Work task = Every line from the beginning of the data through the line containing "Detail image of" should be reproduced exactly, and no further lines should be output.

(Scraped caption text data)
== == ==
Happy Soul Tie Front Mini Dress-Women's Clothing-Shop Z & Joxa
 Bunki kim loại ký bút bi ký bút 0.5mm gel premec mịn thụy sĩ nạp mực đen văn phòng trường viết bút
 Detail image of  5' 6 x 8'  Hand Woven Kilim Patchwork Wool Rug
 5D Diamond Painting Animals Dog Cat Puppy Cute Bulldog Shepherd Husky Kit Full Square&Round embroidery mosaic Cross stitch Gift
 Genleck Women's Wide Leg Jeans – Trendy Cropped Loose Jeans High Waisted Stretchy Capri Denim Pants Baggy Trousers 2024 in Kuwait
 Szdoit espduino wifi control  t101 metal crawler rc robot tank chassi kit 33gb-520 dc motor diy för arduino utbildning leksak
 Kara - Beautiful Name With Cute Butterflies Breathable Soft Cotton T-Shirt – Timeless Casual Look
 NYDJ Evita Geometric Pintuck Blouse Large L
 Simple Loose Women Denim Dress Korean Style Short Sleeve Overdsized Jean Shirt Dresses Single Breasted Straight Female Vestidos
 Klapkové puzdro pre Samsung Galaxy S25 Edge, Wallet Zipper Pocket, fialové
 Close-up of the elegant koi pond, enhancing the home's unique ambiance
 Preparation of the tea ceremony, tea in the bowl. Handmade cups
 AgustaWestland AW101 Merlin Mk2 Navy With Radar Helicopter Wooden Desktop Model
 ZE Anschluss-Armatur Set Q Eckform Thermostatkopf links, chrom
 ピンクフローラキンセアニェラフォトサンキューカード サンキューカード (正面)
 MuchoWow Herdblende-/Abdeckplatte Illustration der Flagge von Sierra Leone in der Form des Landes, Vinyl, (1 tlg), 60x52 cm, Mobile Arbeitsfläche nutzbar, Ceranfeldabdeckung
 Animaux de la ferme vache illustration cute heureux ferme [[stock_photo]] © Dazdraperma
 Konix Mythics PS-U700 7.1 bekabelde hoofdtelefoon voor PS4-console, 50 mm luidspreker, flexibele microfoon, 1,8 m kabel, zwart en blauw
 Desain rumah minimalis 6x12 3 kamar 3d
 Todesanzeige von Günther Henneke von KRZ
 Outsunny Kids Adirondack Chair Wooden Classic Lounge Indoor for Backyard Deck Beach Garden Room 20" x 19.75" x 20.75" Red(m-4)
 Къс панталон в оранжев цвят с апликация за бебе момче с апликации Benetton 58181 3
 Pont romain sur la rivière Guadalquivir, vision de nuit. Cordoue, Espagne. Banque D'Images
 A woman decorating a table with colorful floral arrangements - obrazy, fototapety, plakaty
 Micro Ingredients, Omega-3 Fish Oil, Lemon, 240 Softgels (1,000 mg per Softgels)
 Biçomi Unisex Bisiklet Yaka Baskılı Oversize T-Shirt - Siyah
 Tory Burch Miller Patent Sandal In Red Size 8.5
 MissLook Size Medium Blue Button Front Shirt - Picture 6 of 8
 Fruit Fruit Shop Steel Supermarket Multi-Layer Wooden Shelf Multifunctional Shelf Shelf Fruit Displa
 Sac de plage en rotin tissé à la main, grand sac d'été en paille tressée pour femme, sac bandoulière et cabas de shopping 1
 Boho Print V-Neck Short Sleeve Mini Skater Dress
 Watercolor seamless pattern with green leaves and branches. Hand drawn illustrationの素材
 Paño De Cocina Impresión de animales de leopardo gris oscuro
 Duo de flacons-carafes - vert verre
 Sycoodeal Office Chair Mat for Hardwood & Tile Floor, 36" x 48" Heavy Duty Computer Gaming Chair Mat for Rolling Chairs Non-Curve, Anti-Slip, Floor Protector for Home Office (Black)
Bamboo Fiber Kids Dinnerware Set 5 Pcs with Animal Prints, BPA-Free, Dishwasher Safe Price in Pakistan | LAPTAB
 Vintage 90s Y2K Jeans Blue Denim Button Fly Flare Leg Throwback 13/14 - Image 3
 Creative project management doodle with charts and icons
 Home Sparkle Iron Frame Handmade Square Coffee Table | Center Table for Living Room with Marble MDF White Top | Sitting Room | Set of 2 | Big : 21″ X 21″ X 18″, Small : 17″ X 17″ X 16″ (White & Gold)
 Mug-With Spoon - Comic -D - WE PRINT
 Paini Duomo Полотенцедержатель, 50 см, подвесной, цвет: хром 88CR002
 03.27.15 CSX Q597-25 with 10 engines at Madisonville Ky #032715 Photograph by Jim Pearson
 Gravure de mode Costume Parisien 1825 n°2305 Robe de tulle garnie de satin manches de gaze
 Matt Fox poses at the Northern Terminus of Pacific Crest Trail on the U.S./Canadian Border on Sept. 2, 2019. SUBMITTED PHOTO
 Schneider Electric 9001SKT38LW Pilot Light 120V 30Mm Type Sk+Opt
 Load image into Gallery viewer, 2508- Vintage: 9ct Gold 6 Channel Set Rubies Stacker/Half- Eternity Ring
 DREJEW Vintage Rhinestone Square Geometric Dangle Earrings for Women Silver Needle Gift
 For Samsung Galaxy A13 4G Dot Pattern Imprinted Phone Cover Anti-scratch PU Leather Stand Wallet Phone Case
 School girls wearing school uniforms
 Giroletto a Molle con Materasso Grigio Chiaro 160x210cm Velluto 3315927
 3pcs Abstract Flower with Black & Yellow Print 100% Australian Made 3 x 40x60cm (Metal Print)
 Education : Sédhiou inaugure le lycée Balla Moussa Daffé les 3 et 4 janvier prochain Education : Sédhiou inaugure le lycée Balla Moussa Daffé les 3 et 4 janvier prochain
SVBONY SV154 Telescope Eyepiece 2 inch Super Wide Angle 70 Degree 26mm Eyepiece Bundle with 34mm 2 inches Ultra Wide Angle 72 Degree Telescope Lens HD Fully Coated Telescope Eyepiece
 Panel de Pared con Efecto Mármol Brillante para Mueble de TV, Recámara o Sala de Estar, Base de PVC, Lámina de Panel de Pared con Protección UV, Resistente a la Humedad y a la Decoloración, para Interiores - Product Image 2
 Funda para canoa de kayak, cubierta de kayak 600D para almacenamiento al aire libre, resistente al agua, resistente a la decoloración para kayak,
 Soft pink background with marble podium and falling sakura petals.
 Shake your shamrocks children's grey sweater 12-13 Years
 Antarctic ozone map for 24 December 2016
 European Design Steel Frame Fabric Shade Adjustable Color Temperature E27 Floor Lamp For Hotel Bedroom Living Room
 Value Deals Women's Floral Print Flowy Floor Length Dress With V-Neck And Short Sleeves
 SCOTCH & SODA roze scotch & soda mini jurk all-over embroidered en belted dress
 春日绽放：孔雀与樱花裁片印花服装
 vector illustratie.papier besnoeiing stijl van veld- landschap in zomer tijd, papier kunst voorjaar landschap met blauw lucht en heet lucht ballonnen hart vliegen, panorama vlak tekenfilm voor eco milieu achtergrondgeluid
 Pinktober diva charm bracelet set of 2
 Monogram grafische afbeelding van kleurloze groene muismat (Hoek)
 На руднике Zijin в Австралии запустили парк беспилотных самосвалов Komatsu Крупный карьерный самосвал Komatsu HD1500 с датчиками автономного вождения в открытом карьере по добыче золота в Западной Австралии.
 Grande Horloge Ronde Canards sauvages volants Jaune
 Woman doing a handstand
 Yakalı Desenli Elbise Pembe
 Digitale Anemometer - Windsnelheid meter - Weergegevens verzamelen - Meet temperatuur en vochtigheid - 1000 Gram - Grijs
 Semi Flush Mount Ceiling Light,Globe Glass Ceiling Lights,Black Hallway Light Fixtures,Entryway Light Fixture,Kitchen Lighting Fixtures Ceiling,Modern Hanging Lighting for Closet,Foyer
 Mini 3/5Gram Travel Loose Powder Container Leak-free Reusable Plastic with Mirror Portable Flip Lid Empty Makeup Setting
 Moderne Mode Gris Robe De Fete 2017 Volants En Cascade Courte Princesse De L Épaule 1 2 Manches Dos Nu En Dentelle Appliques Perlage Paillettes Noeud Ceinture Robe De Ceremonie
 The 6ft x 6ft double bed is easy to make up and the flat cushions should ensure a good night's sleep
== == ==
Answer space =
Happy Soul Tie Front Mini Dress-Women's Clothing-Shop Z & Joxa
 Bunki kim loại ký bút bi ký bút 0.5mm gel premec mịn thụy sĩ nạp mực đen văn phòng trường viết bút
 Detail image of  5' 6 x 8'  Hand Woven Kilim Patchwork Wool Rug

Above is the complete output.